The size of your pay packet dictates more than just your holiday choice or the size of your car – it also influences your intelligence.
Financial worries tax the brain of those on low incomes, reducing their IQ by up to 13 points, scientists have found.
As a result, those with limited means are more likely to make bad decisions, such as taking on too much debt, which perpetuate their financial woes.
But researchers discovered when low-income individuals had their financial burdens removed, their intelligence returned to the same levels as higher earners.
The findings suggest that far from low intellect resulting in reduced pay, it is our financial woes that render us less clever.
‘Our results suggest that when you’re poor, money is not the only thing in short supply. Cognitive capacity is also stretched thin,’ said Harvard economist Sendhil Mullainathan.

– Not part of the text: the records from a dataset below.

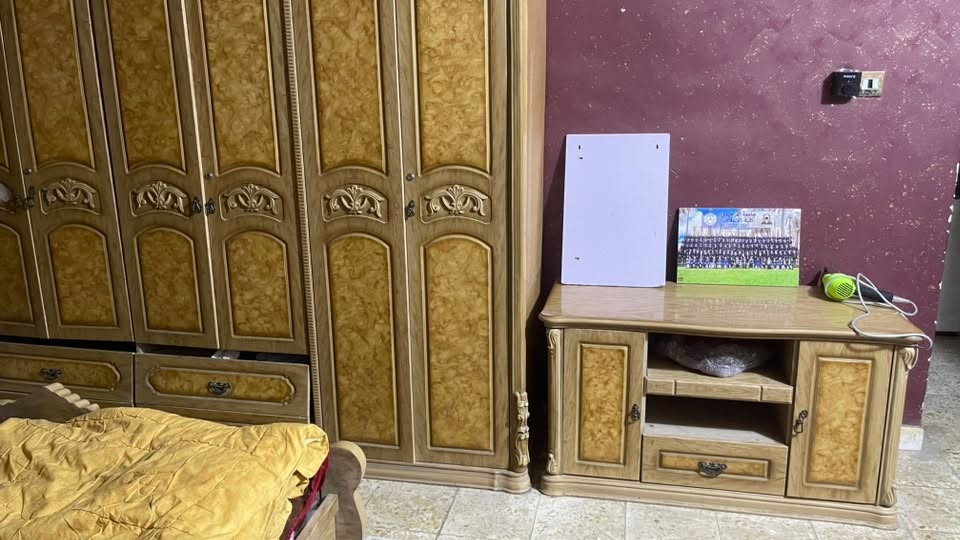 سلام عليكم غرفه نوم للبيع سعر ٣٠٠ وبيه مجال
***********
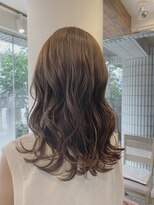 ティアラ 桜木町(TIARA)&nbsp;REAL SALON WORK～ミディアムレイヤー/グレージュ/波巻き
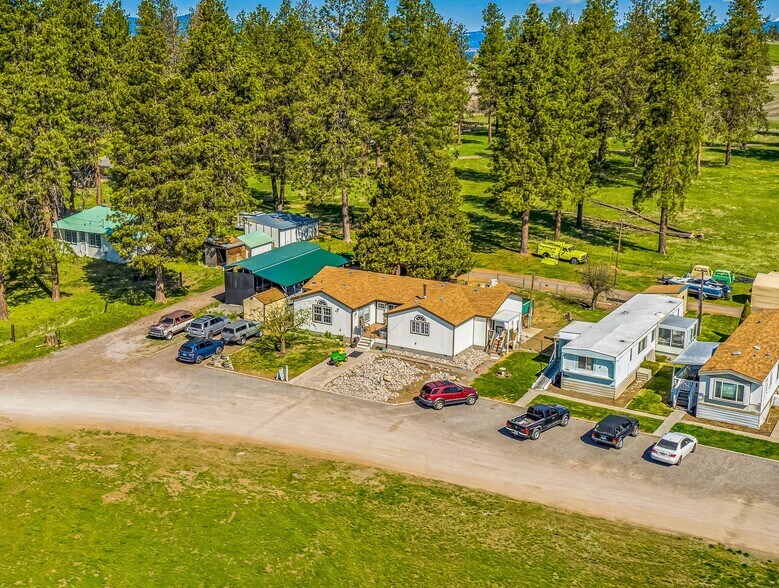 32323 Modoc Point Rd, Chiloquin, OR à vendre - Photo du bâtiment - Image 3 de 11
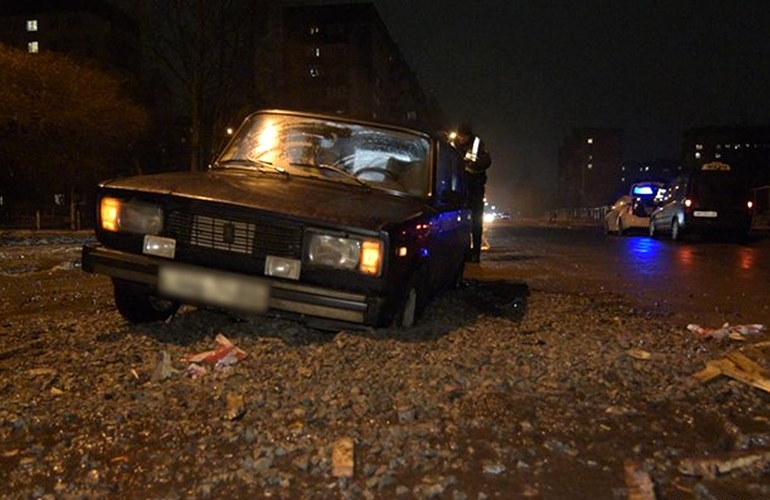 В Житомире водитель «Жигули» угодил в яму-ловушку, которую забыли оградить местные дорожные работники. ФОТО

That’s not to say that poor people are less intelligent than others. What we show is that the same person experiencing poverty suffers a cognitive deficit as opposed to when they’re not experiencing poverty.
‘It’s also wrong to suggest that someone’s cognitive capacity has gotten smaller because they’re poor. In fact, what happens is that your effective capacity gets smaller, because you have all these other things on your mind, you have less mind to give to everything else.’

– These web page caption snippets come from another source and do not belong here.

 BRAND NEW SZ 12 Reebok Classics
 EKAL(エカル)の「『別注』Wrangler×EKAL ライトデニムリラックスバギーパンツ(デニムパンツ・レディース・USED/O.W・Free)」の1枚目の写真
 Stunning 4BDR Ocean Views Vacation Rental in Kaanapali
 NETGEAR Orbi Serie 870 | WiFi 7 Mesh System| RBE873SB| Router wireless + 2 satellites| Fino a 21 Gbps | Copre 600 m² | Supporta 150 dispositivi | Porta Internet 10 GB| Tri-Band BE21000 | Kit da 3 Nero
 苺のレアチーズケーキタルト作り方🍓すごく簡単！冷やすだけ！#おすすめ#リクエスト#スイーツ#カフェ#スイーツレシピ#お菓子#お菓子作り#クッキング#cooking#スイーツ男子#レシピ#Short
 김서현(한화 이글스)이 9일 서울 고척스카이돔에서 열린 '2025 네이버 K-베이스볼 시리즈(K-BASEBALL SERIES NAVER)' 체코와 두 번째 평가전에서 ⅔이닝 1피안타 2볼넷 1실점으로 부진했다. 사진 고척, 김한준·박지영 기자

He said individuals with financial worries are like a computer that has slowed down because it is carrying out more than one function.

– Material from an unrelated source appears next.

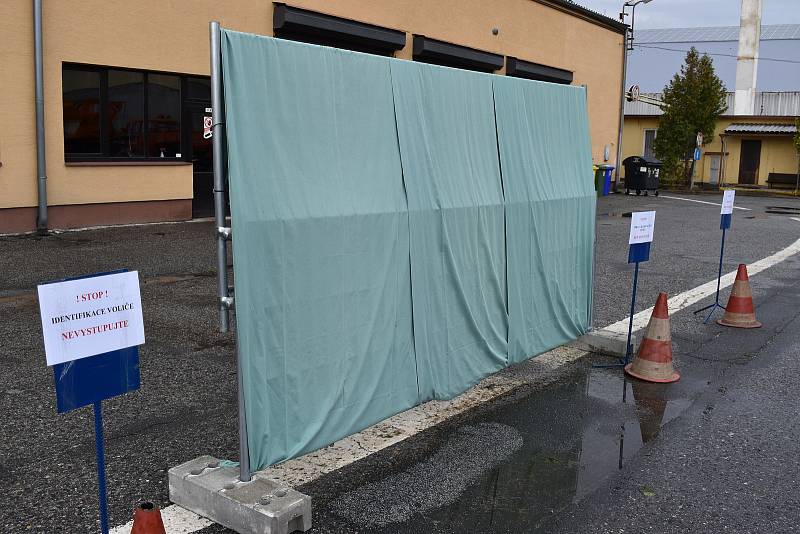 Drive-in volební stanoviště v Písku v areálu Správy a údržby silnic Jihočeského kraje.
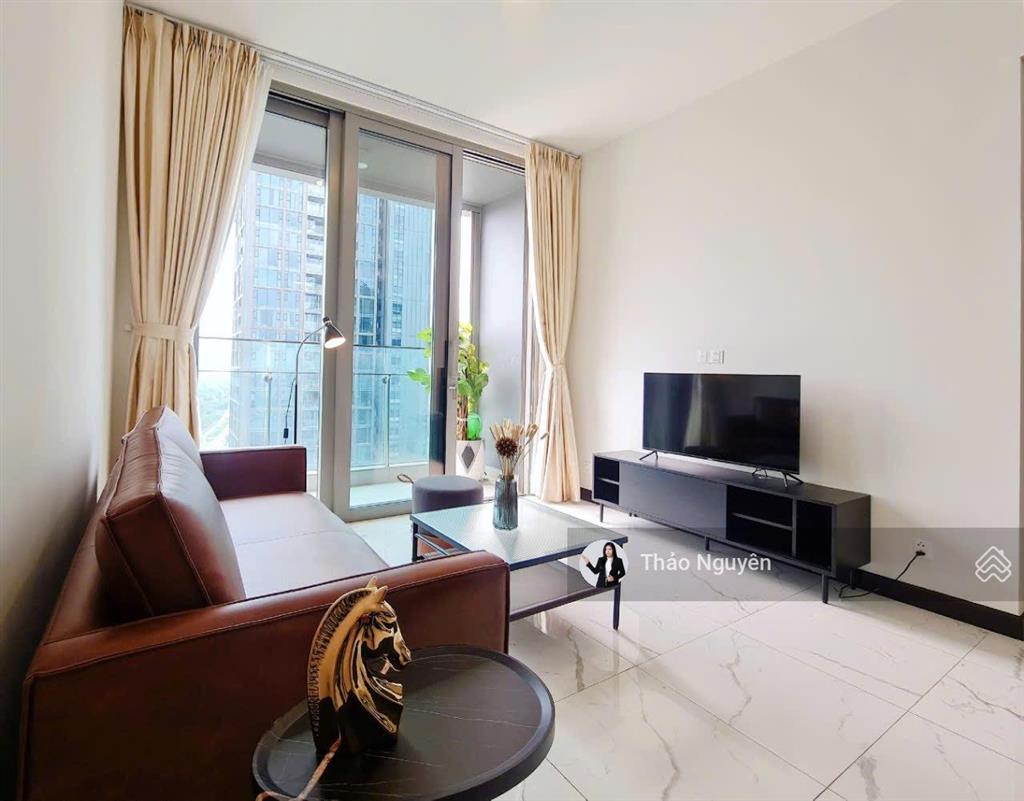 Cho thuê căn hộ 2 phòng ngủ trống sẵn ở ngay được empire city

‘It’s not that the computer is slow, it’s that it’s doing something else, so it seems slow to you. I think that’s the heart of what we’re trying to say,’ he added.
In the study, published in the journal Science, the team from US and British universities carried out a series of experiments in a US shopping mall.
Researchers selected 400 people at random and divided them into a ‘poor’ or ‘rich’ group based on their income, before subjecting them intelligence testing.
Prior to the experiment, half of the participants were asked to think about how they would pay for $1,500 of urgent repairs on their car if it had broken down. The aim was to get participants to focus on their own financial worries.
The study found poor participants performed much worse in the IQ test if they first considered their economic circumstances, but the better off were unaffected.
However, the group that was not primed to think about their finances scored similarly in the intelligence tests irrespective of their income.
‘For the poor, because these monetary concerns are just below the surface, the question brings them to the top,’ said Professor Mullainathan. ‘The result was, for that group, the gap between the rich and the poor goes up, in both IQ and impulse control. There was no gap in the other group, but ask them anything that makes them think about money and you see this result.’
In a second set of tests, the scientists travelled to rural India, where sugar cane farmers are paid the majority of their income once a year.
They found they performed significantly better at intelligence tests in the month after being paid – the equivalent of 10 IQ points – than just before, when their savings had dwindled.
‘The month after the harvest, they’re pretty rich, but the month before – when the money has run out – they’re pretty poor,’ Professor Mullainathan said. ‘What we did is look at the same people the month before and the month after the harvest, and what we see is that IQ goes up, cognitive control, or errors, goes way down, and response times go way down.’